[Records for the task — start]

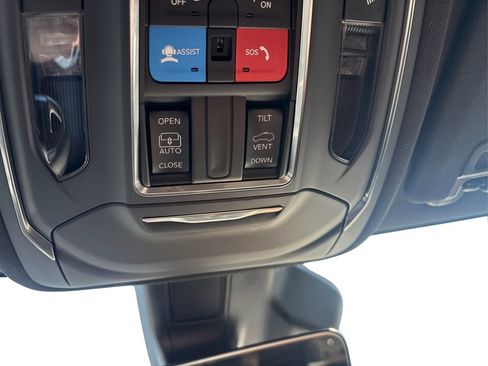 New 2026 Jeep Grand Cherokee L Laredo image 18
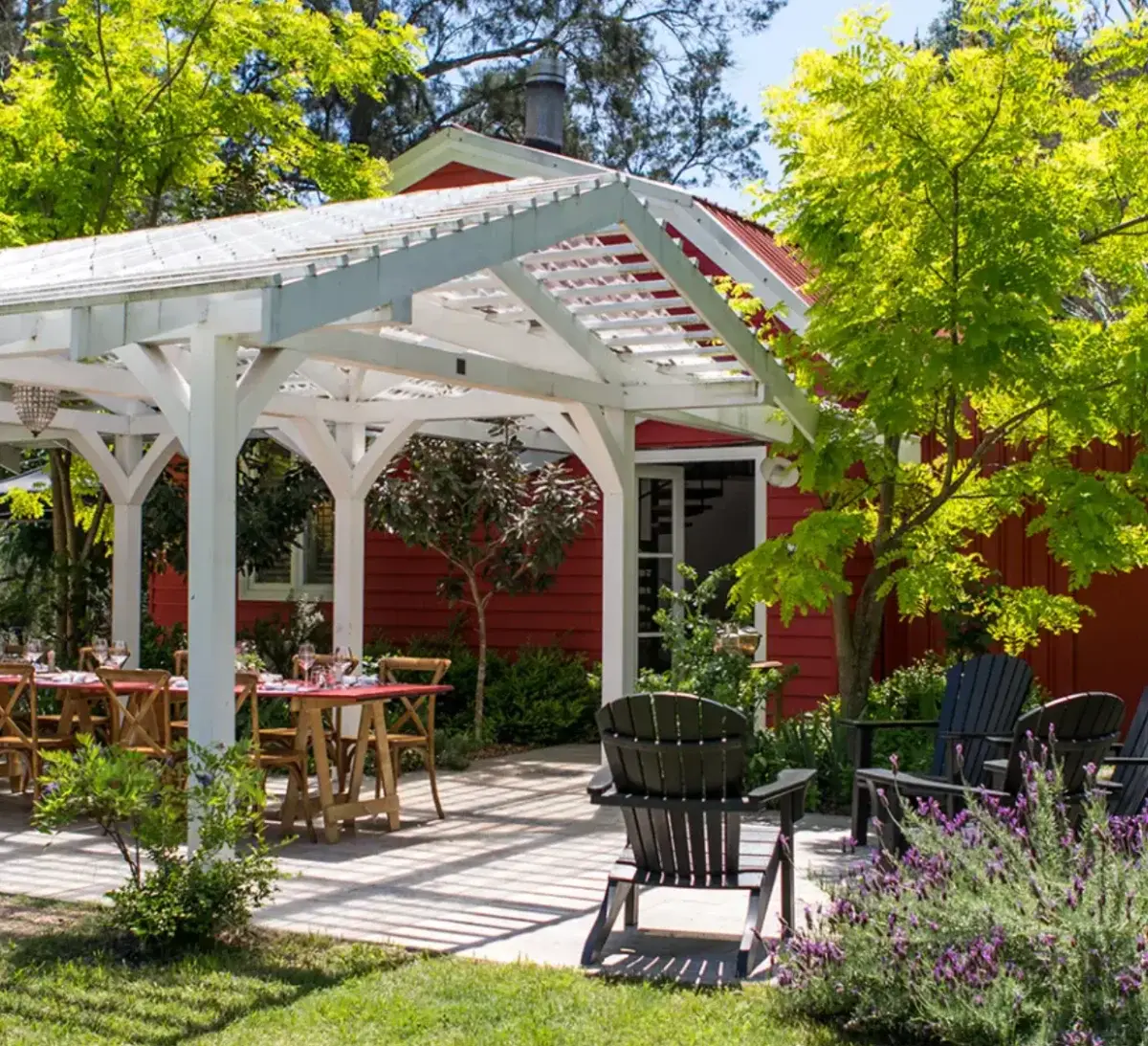 The red barn and white pergola at Greenway Wines, Broke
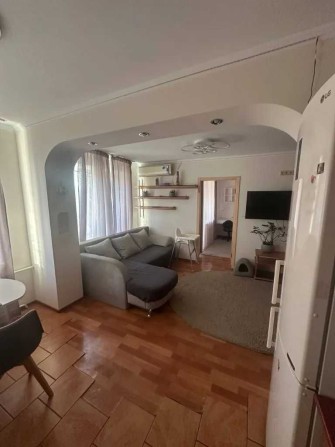 Продам 2-к квартиру на вул. Набережна Перемоги, 106 (Перемога-3) - фото 1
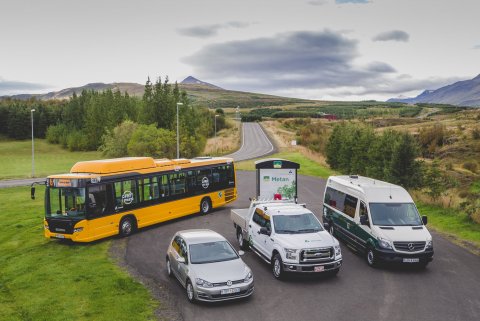 Metanbílar í eigu Norðurorku og Akureyrarbæjar við afgreiðslustöð metans við Súluveg.
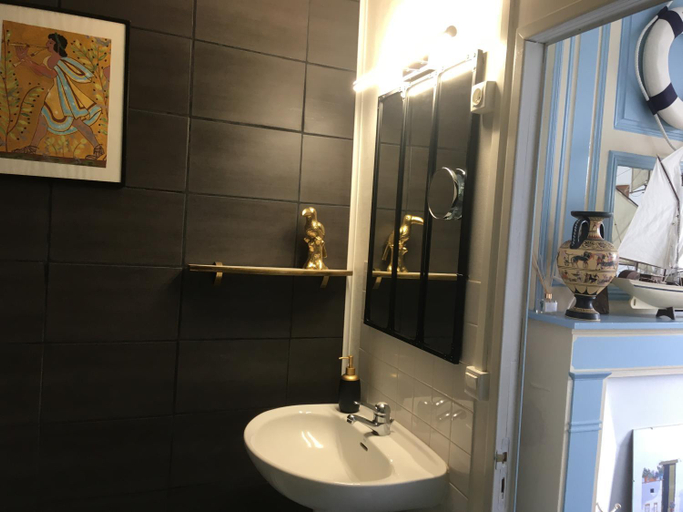 Bathroom 2, Côte Sud, Loir-et-Cher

[Records for the task — finish]

What is required :: Copy out the records above in full, exactly as written, but not the pictures.

Written answer ::
 New 2026 Jeep Grand Cherokee L Laredo image 18
 The red barn and white pergola at Greenway Wines, Broke
 Продам 2-к квартиру на вул. Набережна Перемоги, 106 (Перемога-3) - фото 1
 Metanbílar í eigu Norðurorku og Akureyrarbæjar við afgreiðslustöð metans við Súluveg.
 Bathroom 2, Côte Sud, Loir-et-Cher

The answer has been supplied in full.